I’m coming at you with two big financial services predictions today:
Chuck Norris will start a SPAC. (2020 is a record year for SPACs, and if Shaquille O’Neal and Billy Beane can do it, my money is also on Chuck!)
The physical aspects of the finance industry are fading fast.
As much as I’m tempted to wax at length on the Chuck Norris SPAC (you heard it here first), I’ll instead focus on prediction #2:
THE PANDEMIC HAS SHATTERED THE DIVIDE BETWEEN THE PHYSICAL AND DIGITAL, ACCELERATING THE FULL MIGRATION TO DIGITAL BY AROUND 15 YEARS.
No industry is immune to this year’s upheaval, but the cracks in the finance industry are particularly vulnerable for two reasons:
The economy is in a dramatic state of flux
Finance is heavily over-reliant on constants
The financial services industry has long taken many constants for granted — perceived pillars of the industry they assumed would always be there. The physicality of money and how we access it is at the core of these false constants.
2020 is like a fracking pump, injecting enormous amounts of pressure into these already precarious financial structures. They may not publicly admit it yet, but the industry is about to explode.
I’ve already written about some of these inevitable changes and why I think a tech executive (not a finance exec) will be the one to relieve some of that pressure. But leadership is just half the battle. The existing financial models aren’t working for most people, and there is a major reckoning coming.
I predict a comprehensive move from physical to digital will be one of the biggest and most lasting financial shifts we see as a result of this year.
Financial institutions have (finally) realized the viability and value of shifting many aspects of their core business to the digital realm.
HERE ARE SOME AREAS IN WHICH I ANTICIPATE SIGNIFICANT CHANGE:
Banking branches: The inability to see people in person has accelerated the inevitable demise of physical bank locations by years. Those traditional banks have always said, “But there’s an elderly woman in Des Moines who needs her money!” as a justification for local branches. Only now, that same customer is forced to use mobile checking — and possibly even go full Millennial by opening a Venmo account. So if that hold-out demographic is making the shift, and phones are the new “local” branches, the banks are left wondering why they’re still investing in expensive physical real estate. They knew this would happen — someday — but someday just got a whole lot sooner.
Financial advisors: Back in the olden days of 2019, people still valued a financial advisor down the street from them. You could shake their hand, see what kind of car they drive, and maybe even get lunch together. Fast forward several months (!), and that image feels quaint and antiquated. Literally overnight, there is now widespread agreement around the acceptance of remote consultations with advisors. Sure, being physically in the same place might be nice, but moving to virtual is not only safer and more convenient, but also widens and diversifies your options beyond personnel in your geographic locale.

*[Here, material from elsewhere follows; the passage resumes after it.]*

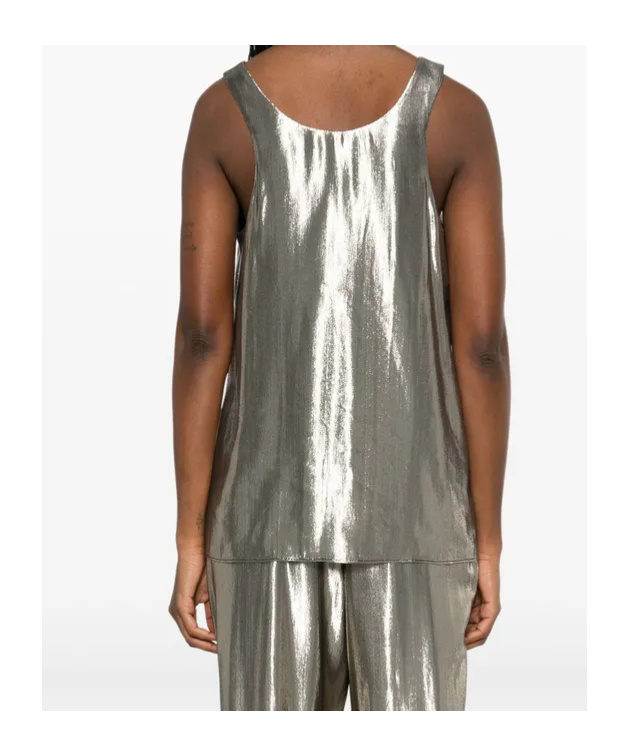 Philosophy Di Lorenzo Serafini Sleeveless Silk-blend Top With Rounded Neckline In Metallic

Cash, Credit Cards, and ATMs: The physicality of money was the catalyst for banks at the beginning. Hoarding all your gold at home just wasn’t practical, so banks served a useful purpose. But if the gold (or cash money) becomes obsolete, then what? ATMs will likely become as scarce as pay phones. Even credit cards will become an anachronism. Digital payments using your phone require less fuss and fewer tangibles to deal with — plus, vendors are incentivized to favor digital: handing over a wad of cash is psychologically far more painful than a neat and tidy digital transfer, further loosening the pursestrings. As a result of this shift to digital payments, I also anticipate cryptocurrencies becoming more widely accepted and taken more seriously.
Robbing a bank: RIP the days of bank heists and storming an armored car, hello ransomware! We’re only beginning to understand and safeguard against digital criminal activity…and Hollywood storylines are forever changed.

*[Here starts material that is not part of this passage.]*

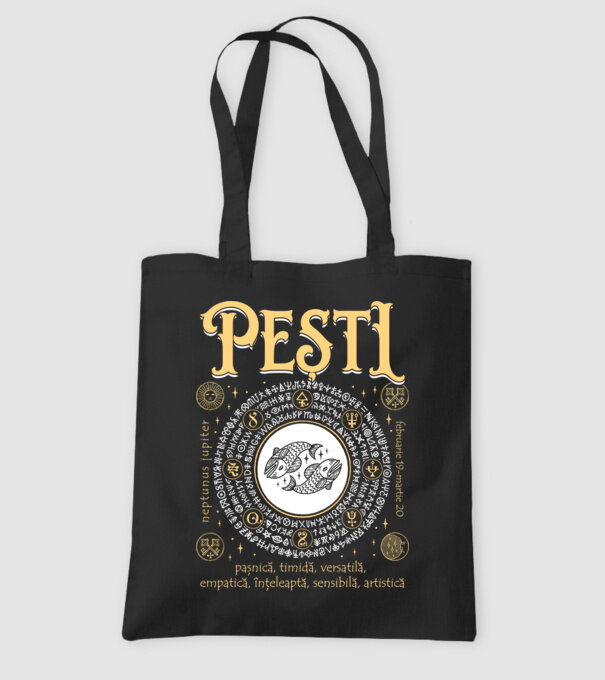 Zodiac femeie PEȘTI golden model negru pe tricou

What might have taken decades to transition due our deep psychological and emotional ties to physical money and financial management is now a current reality. Breaking those mental personal constants felt insurmountable — until the pandemic. Just like the only thing that could save the delivery service industry was moving all restaurant orders to take out, the only thing that could really accelerate the financial industry’s shift from physical to digital was shutting down the physical world. And that’s what we got.
Are you ready for or reticent about shifting your money from physical to digital? What other waterfall effects will this usher into financial services?